かつて甲府の歴史団体に参加していた頃、下部町役場の教育委員会の担当者に、現地が武田氏家臣の馬場氏の支配圏にあったと聞いたことがあります。長篠合戦で討死した馬場美濃守信房の実家にあたりますが、この馬場信房の本姓が常葉で、もとは常葉次郎であったそうです。
当時聞いた話を要約しますと、もともと常葉氏と馬場氏は隣同士の在地勢力として割合に友好的な関係にありました。当時の馬場伊豆守虎貞は甲斐の武田信虎に仕えていました。武田信虎は暴君であったので、馬場虎貞は憂いて諫言したところ、怒りをかい殺されました。馬場家は後継ぎが無くて断絶になるところ、常葉光季の二男の常葉次郎が馬場家に養子入りしてこれを継ぎ、馬場美濃守信房と名乗った、ということです。

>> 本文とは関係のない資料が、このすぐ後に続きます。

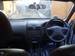 Preview Nissan Sunny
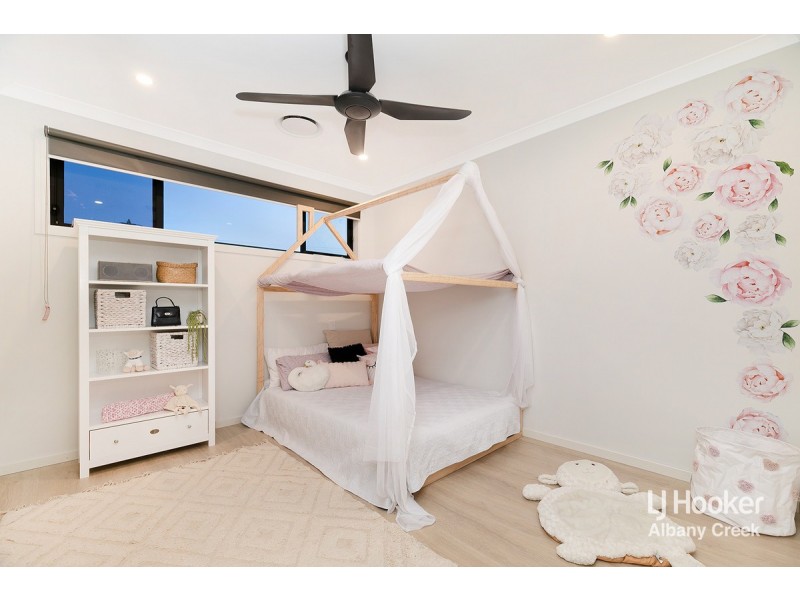 19 Superior Parade, Bridgeman Downs QLD 4035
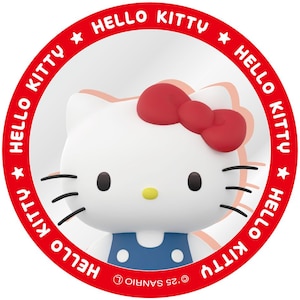 �O���}���f�B�[�Y�bMagSafe ���^���X�e�b�J�[ �T�����I�i�n���[�L�e�B�j�bSANG-566KT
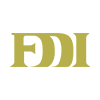 Fddi Logo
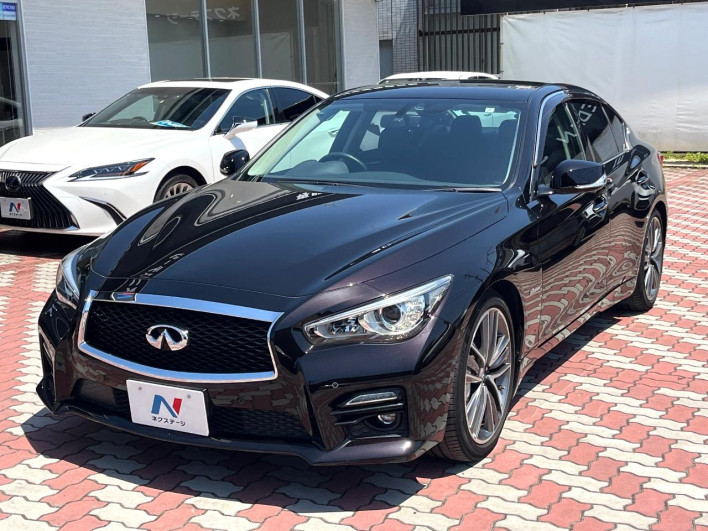 2014 Nissan Skyline DAA-HV37 (UW-69f495b497f5b)[7]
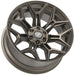 4Play 4P44 4P44-20100-6D55-18BR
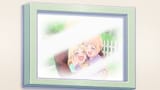 [SubsPlease] Game Center Shoujo to Ibunka Kouryuu - 02 (1080p) [700AADE5]_snapshot_00:19:00.849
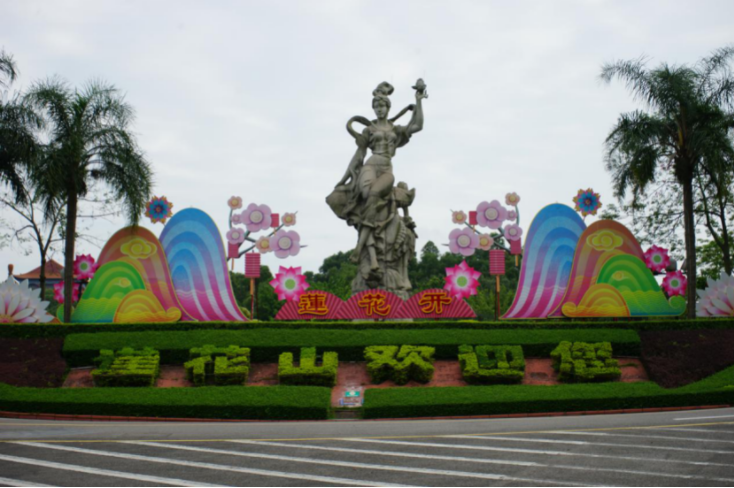 沃爾沃XC40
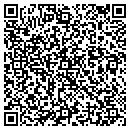 QR code with Imperial Palace Exp contacts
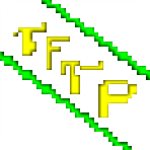 tftpd64汉化版 v5.2绿色版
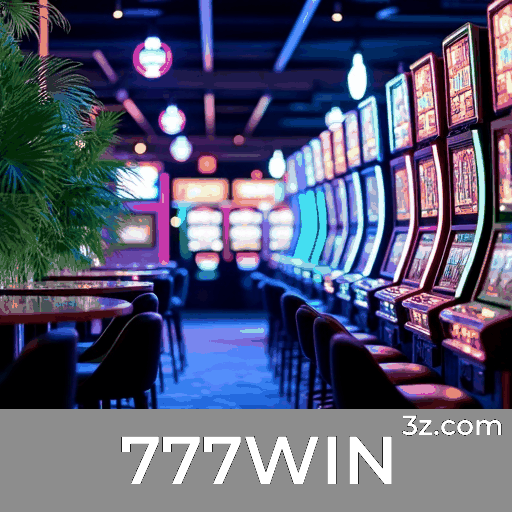 777WIN Crash: Psicologia e Decisão para Vencer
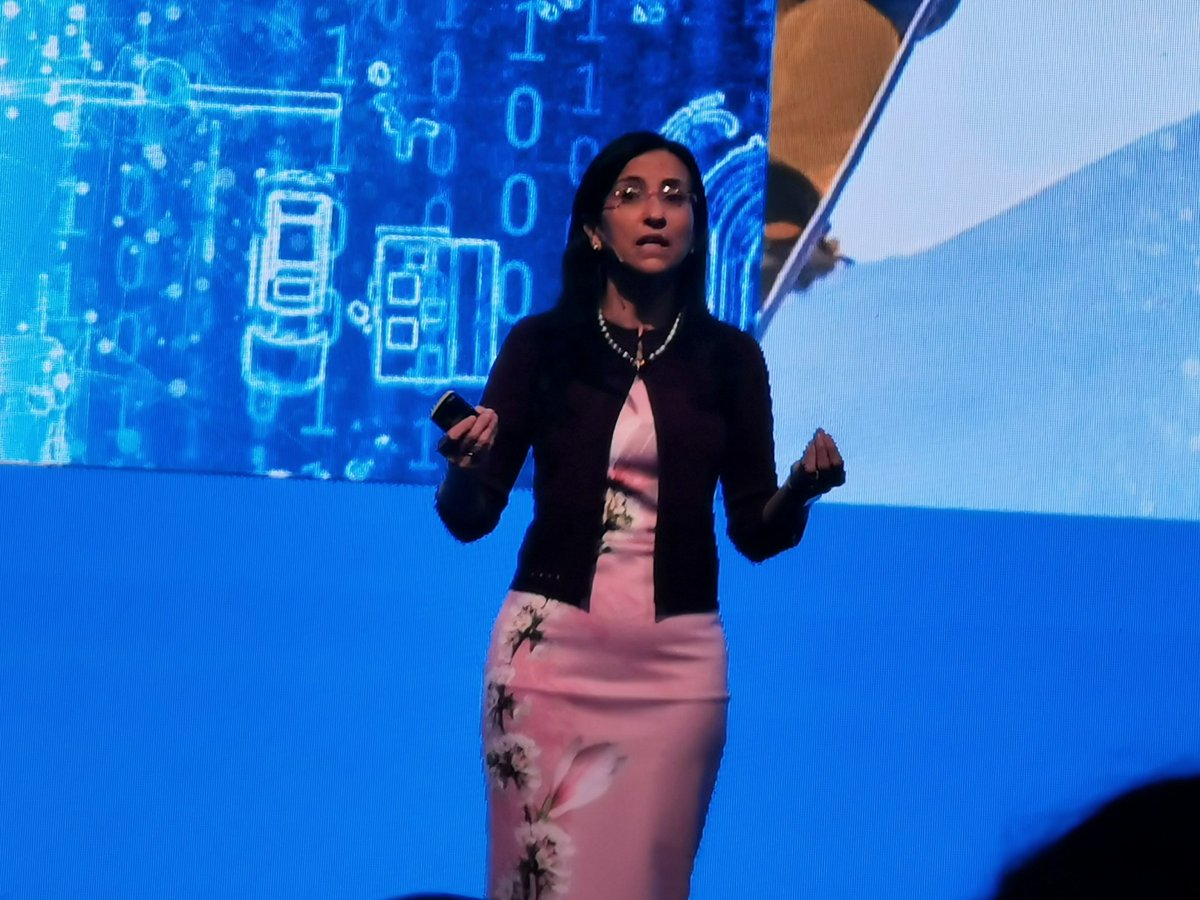 GeekWireZA tweet media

後に、長篠の露と消えた武田氏の勇将にしたがって、織田徳川の圧倒的火力の前に次々と斃れて散った信房配下の将兵たちの何人かは、常葉次郎についてきた市ノ瀬の一党だった筈です。常葉氏の本家も武田氏滅亡と運命を共にしたそうなので、常葉氏もまた、歴史の彼方に消え去ったことになります。常幸院の寺史が詳らかでないのも、そうした在地の歴史の断絶があるからでしょう。
かくして由緒の多くを失った寺は、おそらく江戸期に再出発をとげて今に至るものと思われますが、それだけに、古刹にありがちな歴史の重苦しい風情とは無縁です。なにかホッとするような、明るさと安らぎの空間として綺麗に整えられた境内地の一角には、上図の語らいの場とみられるベンチがしつらえてありました。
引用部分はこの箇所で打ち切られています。